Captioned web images
• • • •

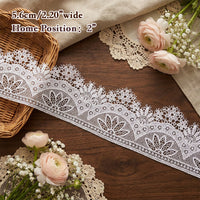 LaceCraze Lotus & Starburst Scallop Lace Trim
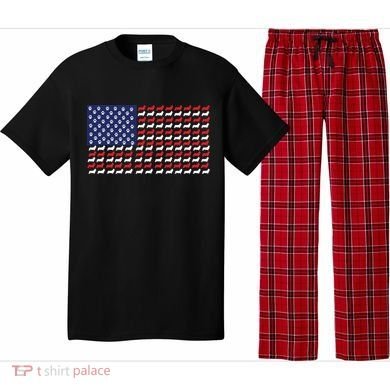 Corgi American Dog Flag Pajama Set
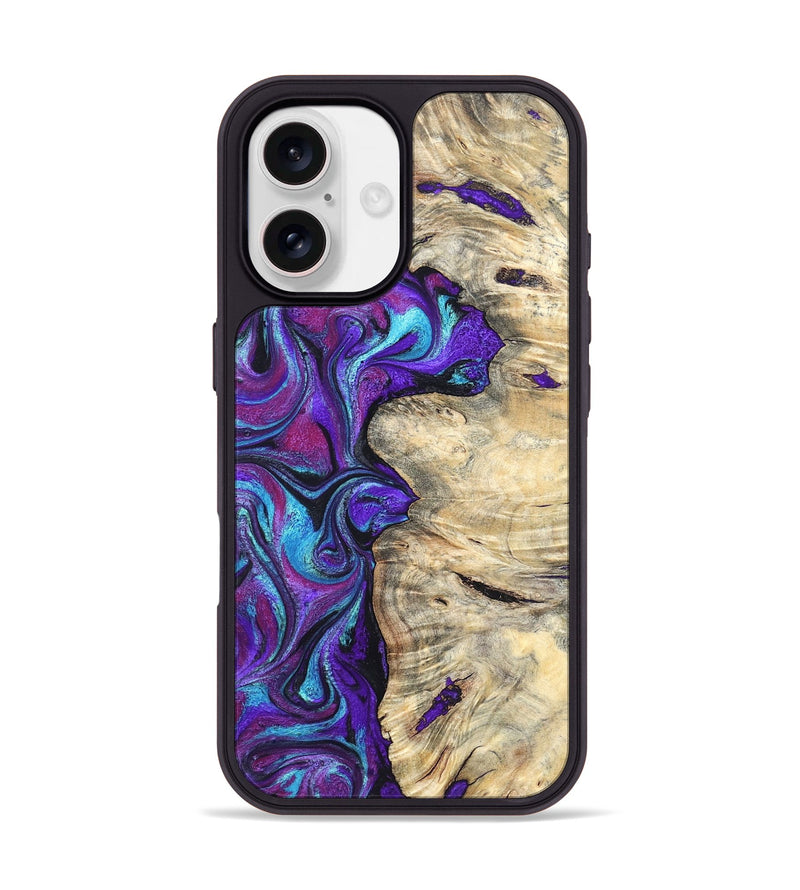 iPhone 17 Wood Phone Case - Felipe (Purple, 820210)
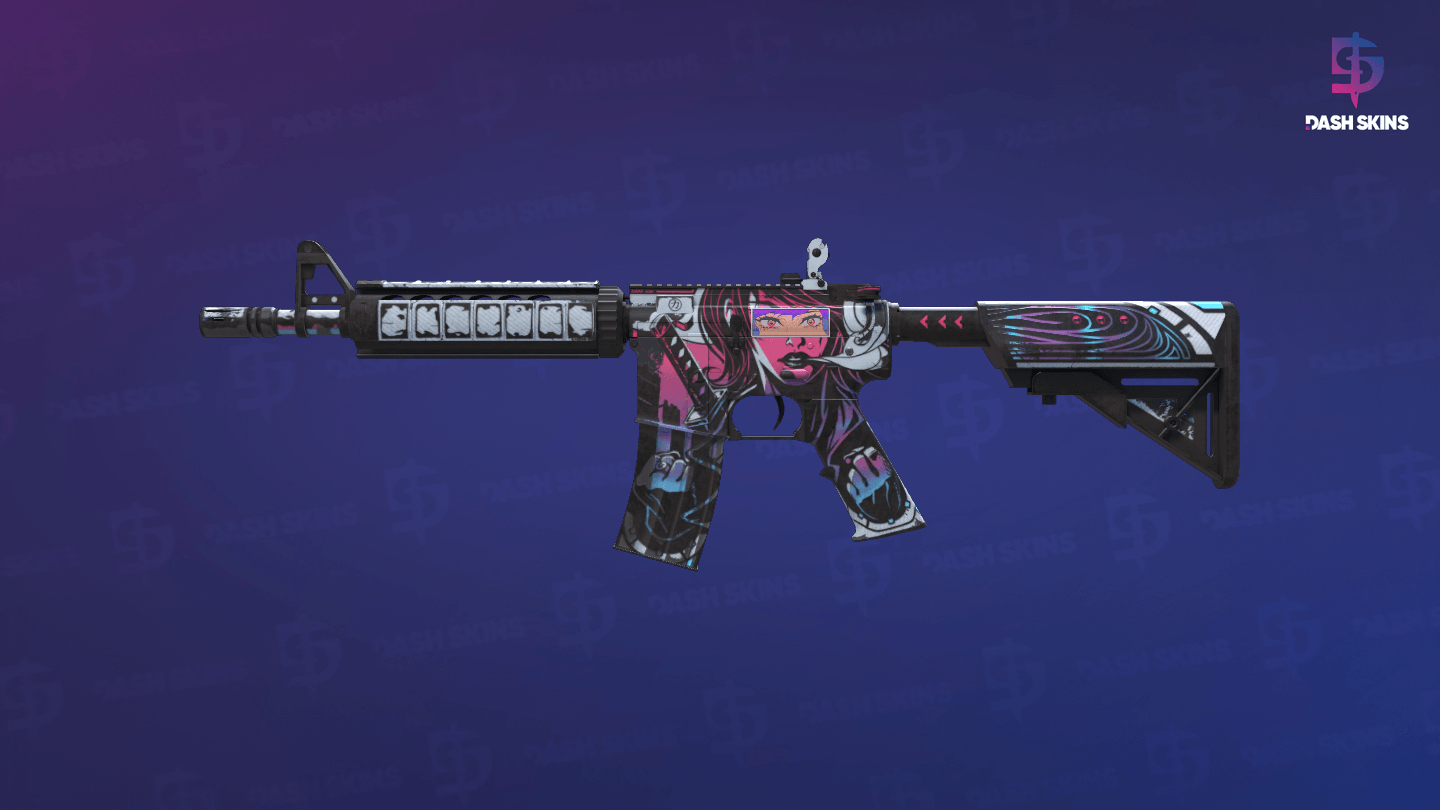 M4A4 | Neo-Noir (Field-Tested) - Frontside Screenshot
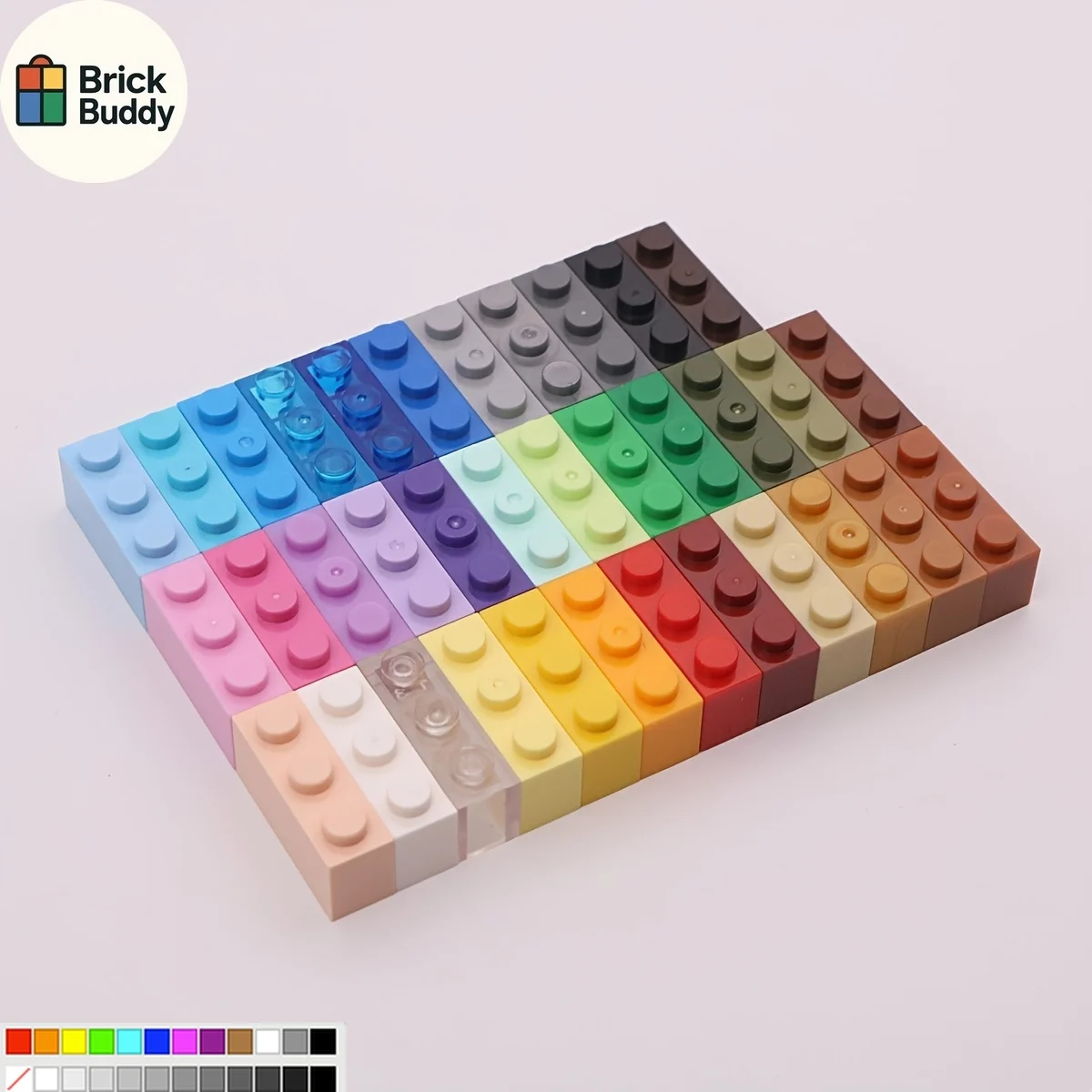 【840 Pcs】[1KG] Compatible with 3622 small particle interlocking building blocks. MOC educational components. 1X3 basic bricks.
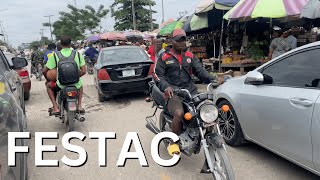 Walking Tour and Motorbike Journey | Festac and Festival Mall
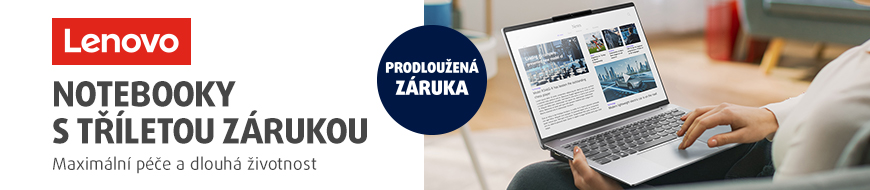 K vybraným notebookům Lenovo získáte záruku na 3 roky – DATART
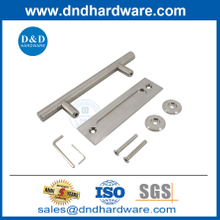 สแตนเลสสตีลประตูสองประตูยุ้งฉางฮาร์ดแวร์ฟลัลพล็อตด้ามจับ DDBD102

• • • •

### Task item
Write out the data word for word. Any picture is to be skipped.

### Exercise answer
 LaceCraze Lotus & Starburst Scallop Lace Trim
 Corgi American Dog Flag Pajama Set
 iPhone 17 Wood Phone Case - Felipe (Purple, 820210)
 M4A4 | Neo-Noir (Field-Tested) - Frontside Screenshot
 【840 Pcs】[1KG] Compatible with 3622 small particle interlocking building blocks. MOC educational components. 1X3 basic bricks.
 Walking Tour and Motorbike Journey | Festac and Festival Mall
 K vybraným notebookům Lenovo získáte záruku na 3 roky – DATART
 สแตนเลสสตีลประตูสองประตูยุ้งฉางฮาร์ดแวร์ฟลัลพล็อตด้ามจับ DDBD102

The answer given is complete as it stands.